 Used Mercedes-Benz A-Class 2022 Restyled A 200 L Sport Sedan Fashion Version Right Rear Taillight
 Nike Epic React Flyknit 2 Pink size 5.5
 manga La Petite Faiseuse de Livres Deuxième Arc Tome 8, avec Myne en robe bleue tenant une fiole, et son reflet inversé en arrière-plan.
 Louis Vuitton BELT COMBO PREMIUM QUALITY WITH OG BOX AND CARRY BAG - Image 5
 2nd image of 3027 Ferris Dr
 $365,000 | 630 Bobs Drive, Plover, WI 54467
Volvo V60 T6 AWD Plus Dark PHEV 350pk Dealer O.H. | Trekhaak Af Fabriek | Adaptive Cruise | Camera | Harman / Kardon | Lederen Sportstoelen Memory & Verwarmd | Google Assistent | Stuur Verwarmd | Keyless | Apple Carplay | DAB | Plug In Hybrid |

---

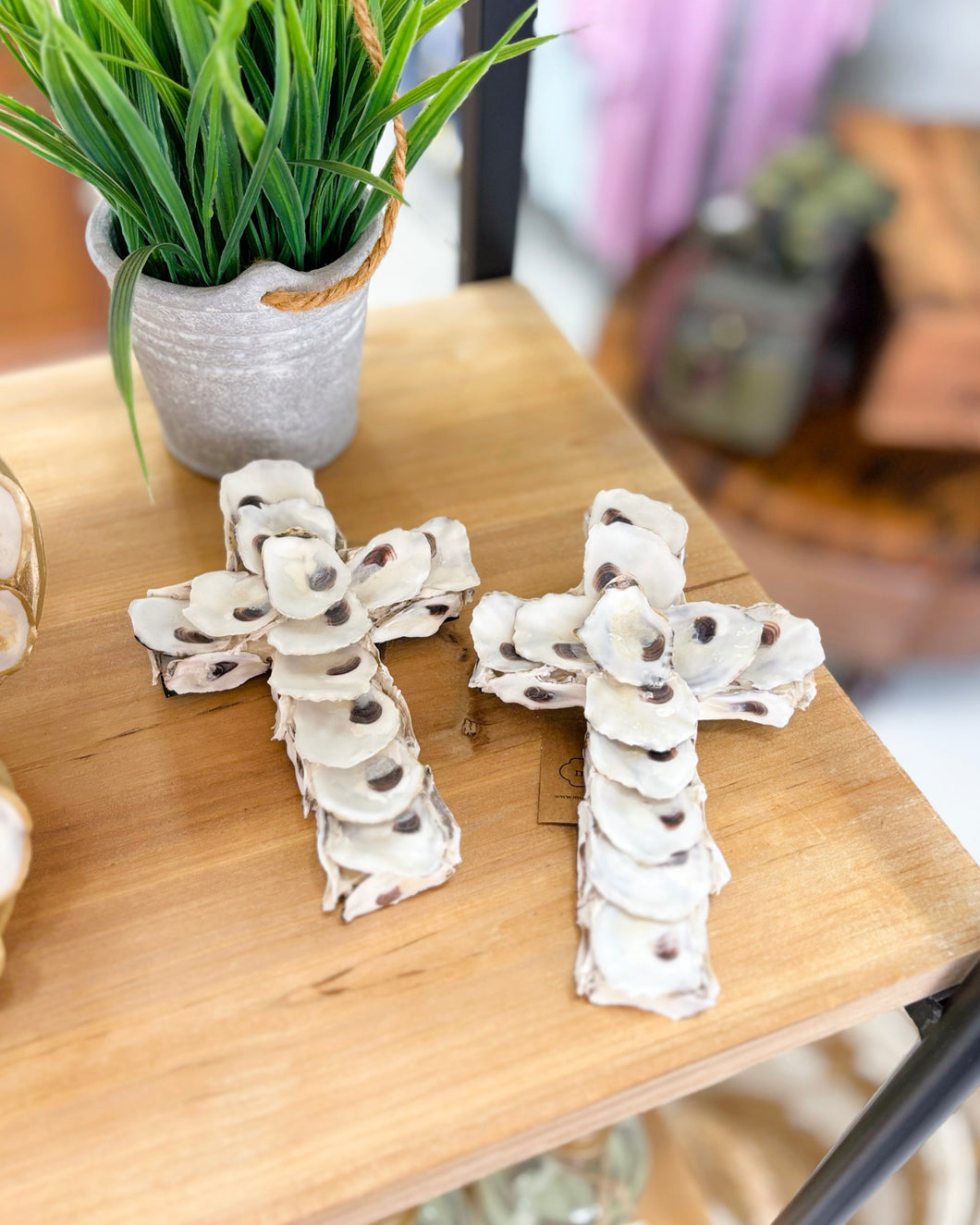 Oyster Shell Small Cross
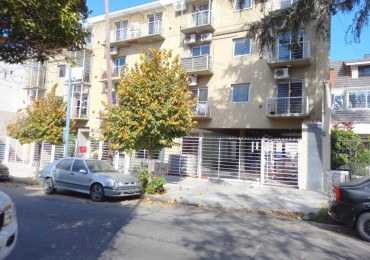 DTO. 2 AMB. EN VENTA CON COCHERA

> [Prompt]:
What is needed is an exact copy of the lines above, from the one containing "Nike Epic React Flyknit 2 Pink size 5.5" through the one containing "Volvo V60 T6", with nothing added.

> [Completed exercise]:
 Nike Epic React Flyknit 2 Pink size 5.5
 manga La Petite Faiseuse de Livres Deuxième Arc Tome 8, avec Myne en robe bleue tenant une fiole, et son reflet inversé en arrière-plan.
 Louis Vuitton BELT COMBO PREMIUM QUALITY WITH OG BOX AND CARRY BAG - Image 5
 2nd image of 3027 Ferris Dr
 $365,000 | 630 Bobs Drive, Plover, WI 54467
Volvo V60 T6 AWD Plus Dark PHEV 350pk Dealer O.H. | Trekhaak Af Fabriek | Adaptive Cruise | Camera | Harman / Kardon | Lederen Sportstoelen Memory & Verwarmd | Google Assistent | Stuur Verwarmd | Keyless | Apple Carplay | DAB | Plug In Hybrid |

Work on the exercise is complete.